Opinion of the Court-Stockslager, J.

thereof, upon the adverse party. All these steps seem to have been taken within the statutory time, and the reasons assigned by the court in refusing to settle the statement were that the defendant had not been diligent in the prosecution of his appeal, or the settlement of his statement, rather. The supreme court of California, in the case of Pendergrass v. Cross, 73 Cal. 475, 15 Pac. 63, in construing a statute from which ours is taken, says: "Where a proposed statement on motion for a new trial is served on the attorney of the adverse party within the time limited by law, and the proposed amendments thereto are adopted by the moving party, the statement, as amended, may be presented to the judge or delivered to the clerk for settlement within any reasonable time thereafter. Under such circumstances subdivision 3 of section 659 of the Code of Civil Procedure does not limit the time within which to present the statement for settlement." We quote from the syllabus, which is fully borne out by the opinion. In the case at bar the statement was served within the statutory time, and, no amendments being proposed, it clearly falls within this rule. Under the provisions of section 4231 of our statute the statement should have been settled. We also believe, under the California authorities, that appellant should be permitted to amend his statement by inserting the specifications of the particulars wherein he claims the evidence is insufficient to support the verdict. (Smith v.

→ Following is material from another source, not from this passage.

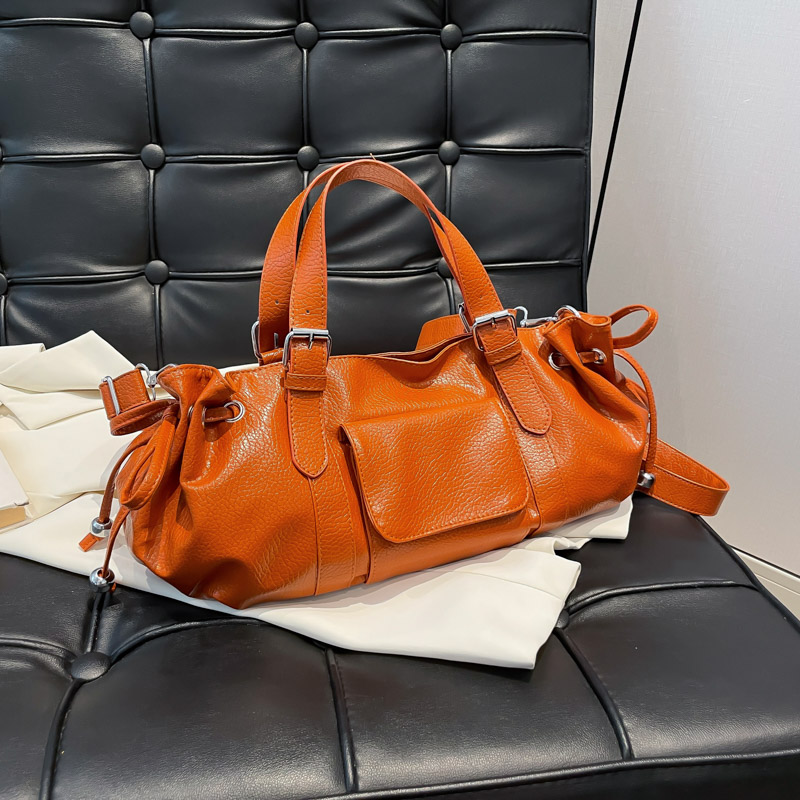 أزياء المتشرد حقيبة فاخرة مصمم - مراجعة Luxury Bags Made In Italy وسعره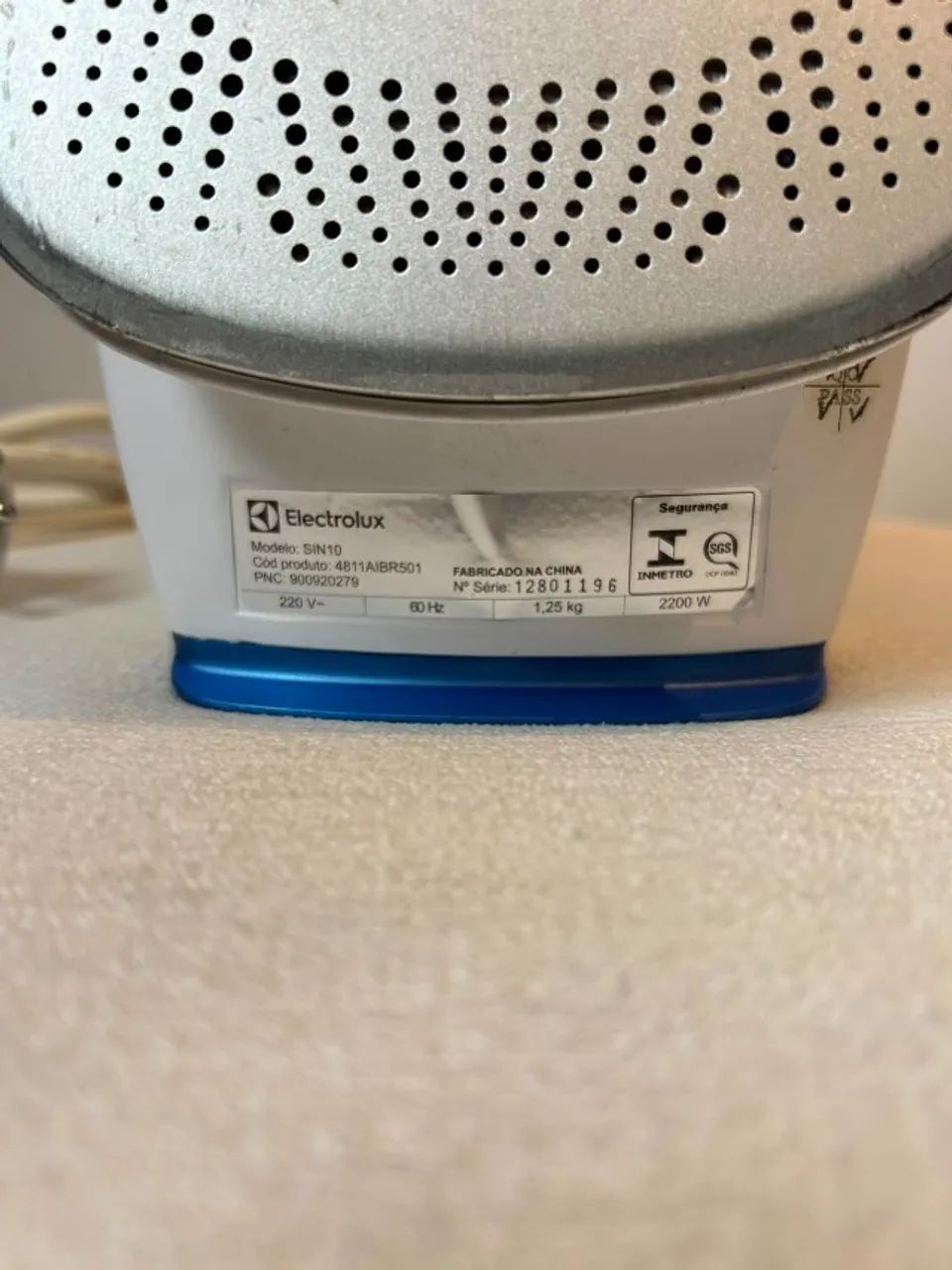 Ferro Passar Roupas Eletrolux - Foto 4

City of Stockton, 73 Cal. 204, 14 Pac. 675.) We are unable to see how the substantial rights of the plaintiff would have been affected by the settlement of the statement in this case at the time it was presented for settlement. This is especially true when we consider that the record shows that counsel for the plaintiff presented his statement for settlement within four days after the district judge returned to Idaho county, being the first time he had been there after the adjournment of his court at the term in which this case was tried. The orders of the court refusing to settle the statement and refusing to grant relief are reversed, and the case remanded, with orders to settle said statement.

Quarles, C. J., and Sullivan, J., concur.